At the same time, he sent a powerful signal. It’s the same one he transmits every time he denounces “political correctness” or violates one of its supposed strictures: mocking the disabled, judging women by their looks, bragging about his fortune, insisting that, when he is in charge, shop workers will go back to saying “Merry Christmas” rather than “Happy Holidays”. The message every time is the same. It says: I’m outside the system. I don’t obey its rules. I’m different.
Why is this so effective? How have these outbursts – which were at first assumed to be terminal to his candidacy – instead garnered him endless media attention and, more important, millions of votes?
Part of it is sheer showbiz. Ever since he got himself a daily place in the New York tabloids in the 1980s, Trump has known that outrage sells. Long before Australian political consultant Lynton Crosby advised his clients to change the subject by throwing a dead cat on the table, Trump understood that people will always tune in to watch a taboo being broken.
An underestimated part of the formula is humour. Trump is funny. His speech pattern is funny, his use of the word “so” is funny – “It’s gonna be so great” – his flamboyant self-love is funny, his mocking of his enemies is funny.
But most powerful is the thrill Trump generates in the room, and in the audience watching on TV, when he dares reject the rules of the game.
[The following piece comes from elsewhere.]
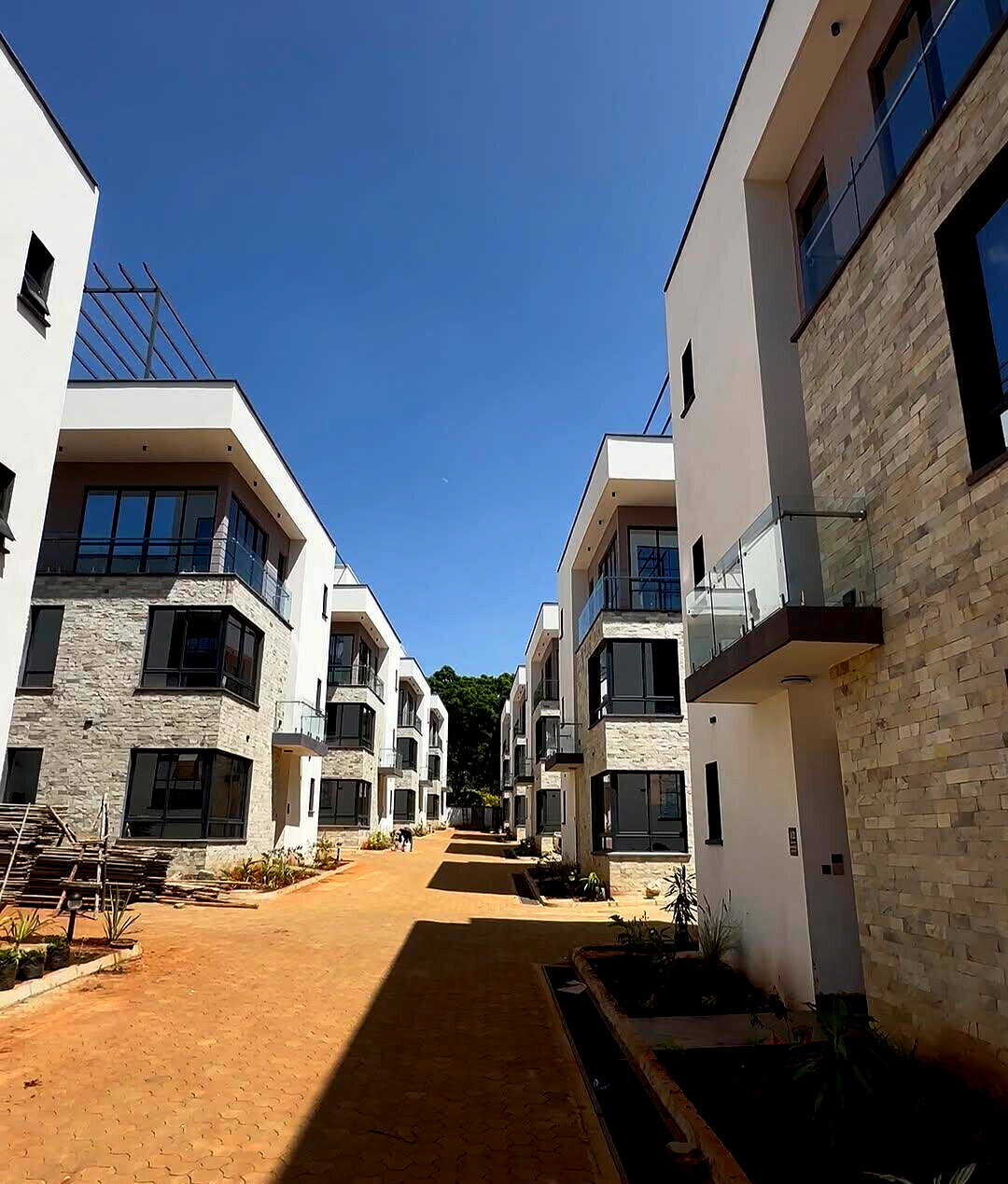 Modern 4-Ensuite Townhouse Steps from Lavington Mall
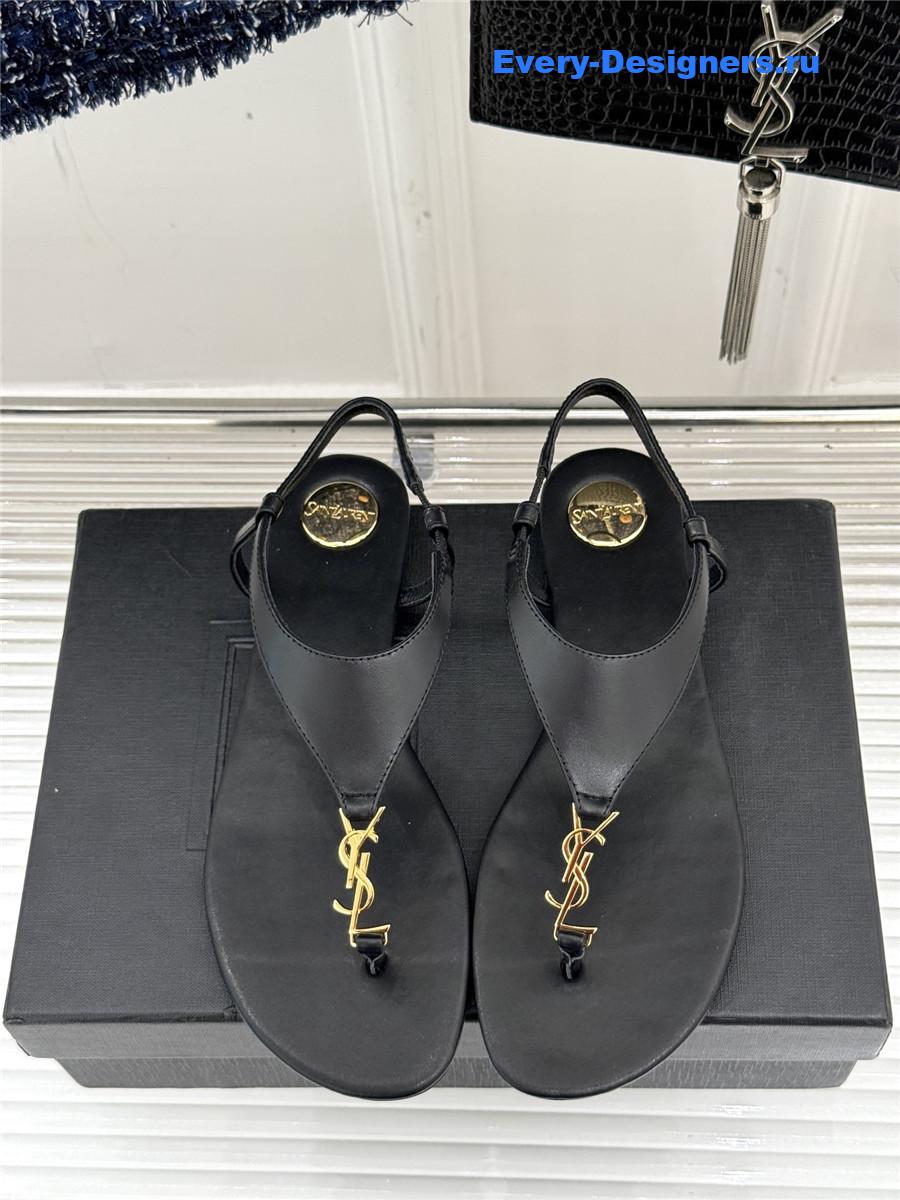 Sa1nt Lau*nt black cassandre flip flops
For those voters who feel the game is rigged – who feel that the game has turned them into perennial losers – the sight of someone prepared to defy its conventions is exhilarating. It signals the arrival of an outsider, a maverick unbound to the old order and ready to destroy it in favour of something entirely new.
For his followers, Trump’s willingness to trample on the pieties of civic discourse is a sign of his bona fides, even a statement of intent. If he’s prepared to say that about Carly Fiorina’s face, maybe he’ll be prepared to come down hard on an American company about to relocate a manufacturing plant from the US to Mexico. After all, he’s clearly not fettered by the restraints that hold back the rest of those politicians.
On this logic, Trump is the fearless truth-teller. Which may seem an odd accolade to give a man who has been caught out as a serial liar and perhaps the most provenly dishonest candidate to seek, let alone win, the nomination of a major US party. But that is to forget that Trump’s core supporters believe it is the establishment – the media and political elites – that have lied to them for at least two decades. So when those same elites brand Trump a liar, his supporters either don’t believe it, or else they don’t care.
For the next five months, Trump will face off against Hillary Clinton – the ultimate embodiment of the US political elite – in what looks fated to be the ugliest campaign in living memory. But even if he loses, he’s proved that he has deep appeal to a section of the US electorate that has come to regard him as their champion.
Their anger, which Trump has so deftly tapped, goes beyond this or that party, or even the current economic situation. He is channeling a rage at the state of America’s political system. And this fury is not confined to the US. There are versions of it surging across the world, hot with wrath at the status quo. In almost every case, those voicing it claim to be speaking for the people and for true democracy. But in their most extreme forms they threaten to shade into something darker: a revolt against the norms, the agreed boundaries, that make democracy possible.